PROBLEM DETAILS: Copy the data that follows exactly. Include no pictures.

DATA EXCERPT:
========================
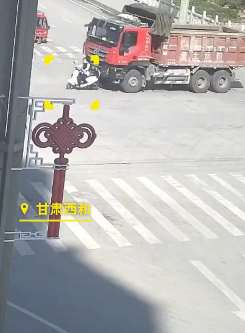 监拍电动车与大货车相撞被推行数十米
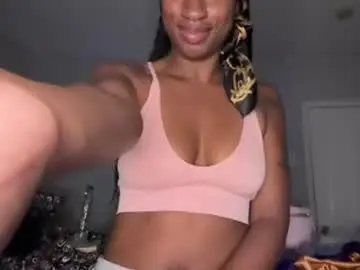 Thevixensapphire  live sex cam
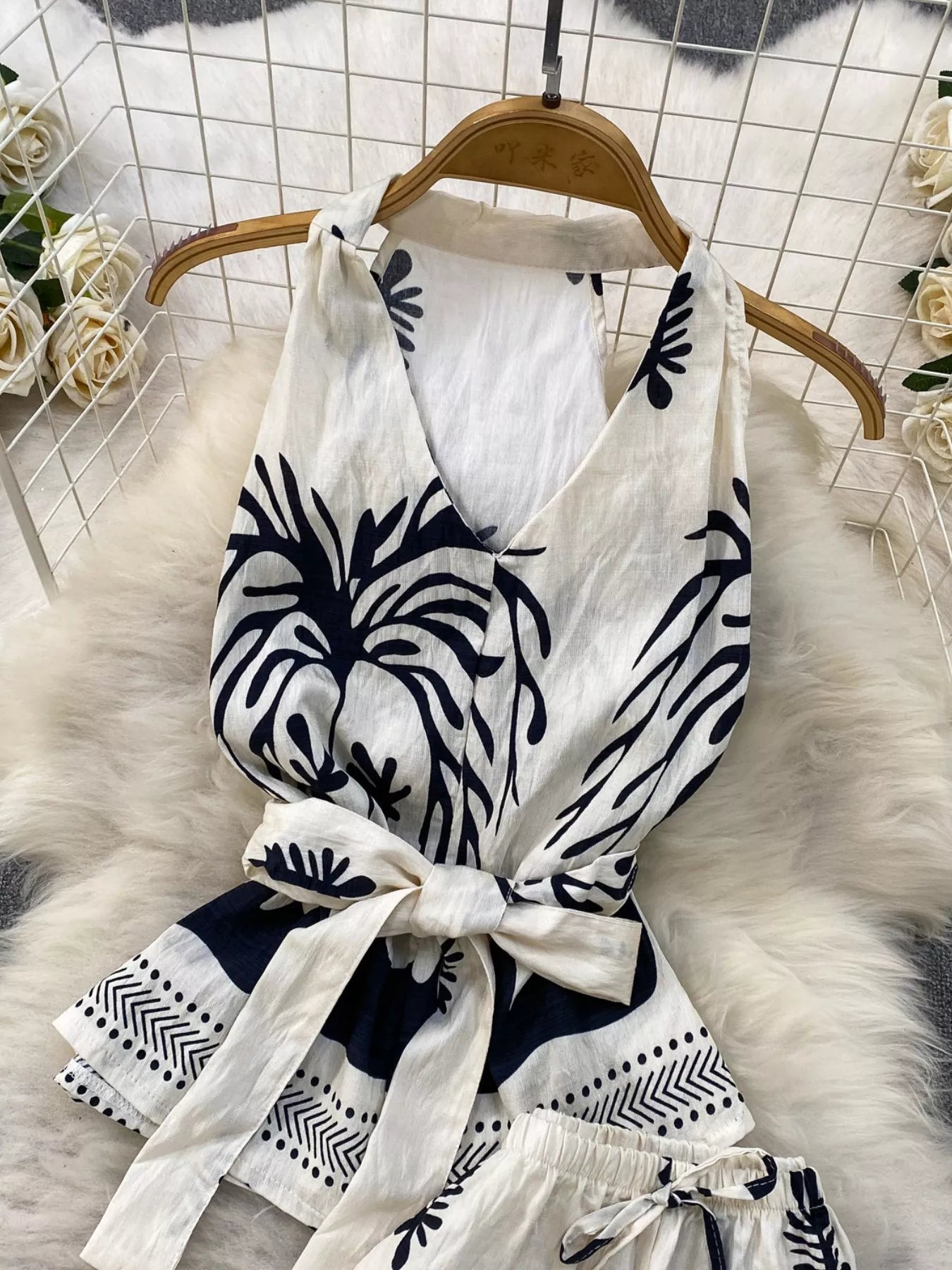 Printed Sleeveless Top and Wide Leg Pants Set Secondary image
========================
SOLUTION FOR THIS PROBLEM:
 监拍电动车与大货车相撞被推行数十米
 Thevixensapphire  live sex cam
 Printed Sleeveless Top and Wide Leg Pants Set Secondary image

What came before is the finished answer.